My favourite tracks right now are Nicaragua (the song that plays as Schultz, Django, Candi and co. all finally arrive at Candiland) and Who Did That To You (awesome song, after Django dispatches the Aussies).
 
Just got back from seeing the film. I enjoyed it, but it was probably my least favorite Tarantino flick. But then again, following the fantastic Inglourious Basterds didn't do the film any favors either.

I was surprised with how straight the movie was played. Aside from the last 30 minutes, the film was relatively realistic. Maybe it was my fault for expecting IB in the South.

Django's smile as the mansion burned was freakin' hilarious.
 
What a succient and concise argument. If like to subscribe to your news letter perhaps.

Well, aside from being blue, Django's outfit doesn't even look much like the Blue Boy outfit. And "Unchained" is hardly an uncommon word. And a million other reasons this is a biiiig stretch.
 
Love alot of the tracks on the album sountrack. Really like Ancora Qui. I have no idea what she is saying but it sounds nice to the ear when I listen to it.
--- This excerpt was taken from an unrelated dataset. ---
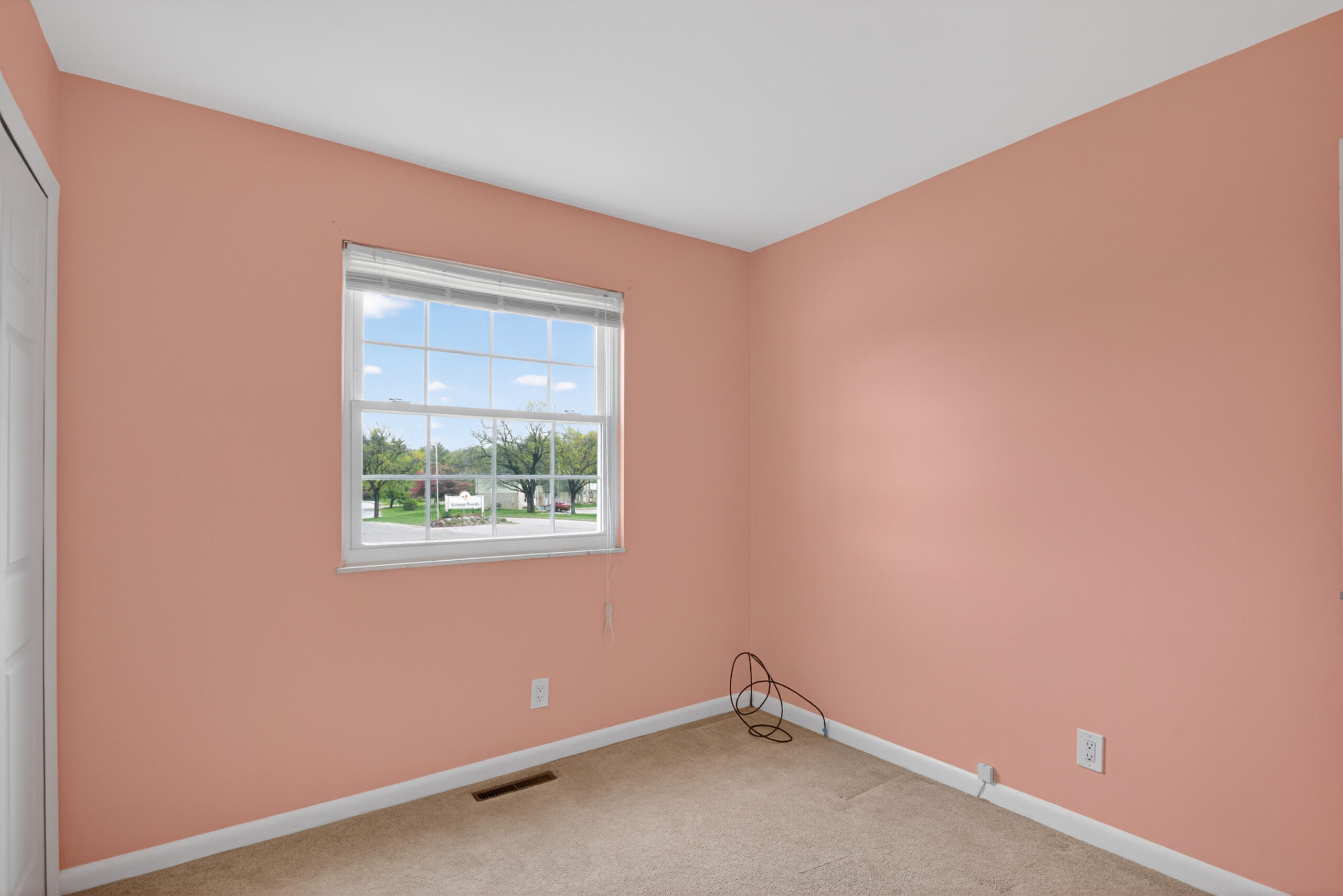 532 Robinson Road Jackson, MI 49203 - Photo 17 of 42 041_0N0A7338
Tracks like I got a name, 100 black coffins and Django are also other favorites of mine.
 
Saw this movie on New Years Eve and I love it. It's up there with Inglorious Basterds to me.
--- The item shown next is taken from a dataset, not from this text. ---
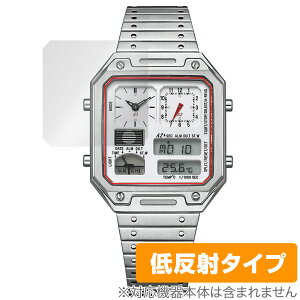 CITIZEN RECORD LABEL JG2120-65A / JG2126-69E یtB OverLay Plus for V`Y v A`OA ˖h~  wh~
And one of the reasons might be because my friends now call me Black Hercules.
 
Really great review from the New Yorker http://www.newyorker.com/arts/critics/cinema/2013/01/07/130107crci_cinema_lane

The new Quentin Tarantino picture, “Django Unchained,” stars Jamie Foxx as a slave named Django, and mid-nineteenth-century America as the chains. Our hero is freed by Dr. Schultz (Christoph Waltz), a bounty hunter posing as a dentist, who appears to have escaped from a Buñuel film; trim of beard and florid of rhetoric, he would rather die than act uncivilly, and would rather kill than prolong an unsavory argument. He needs Django as a witness, to identify potential targets, and the pair become a team, dispatching wanted men and handing over the corpses for cash.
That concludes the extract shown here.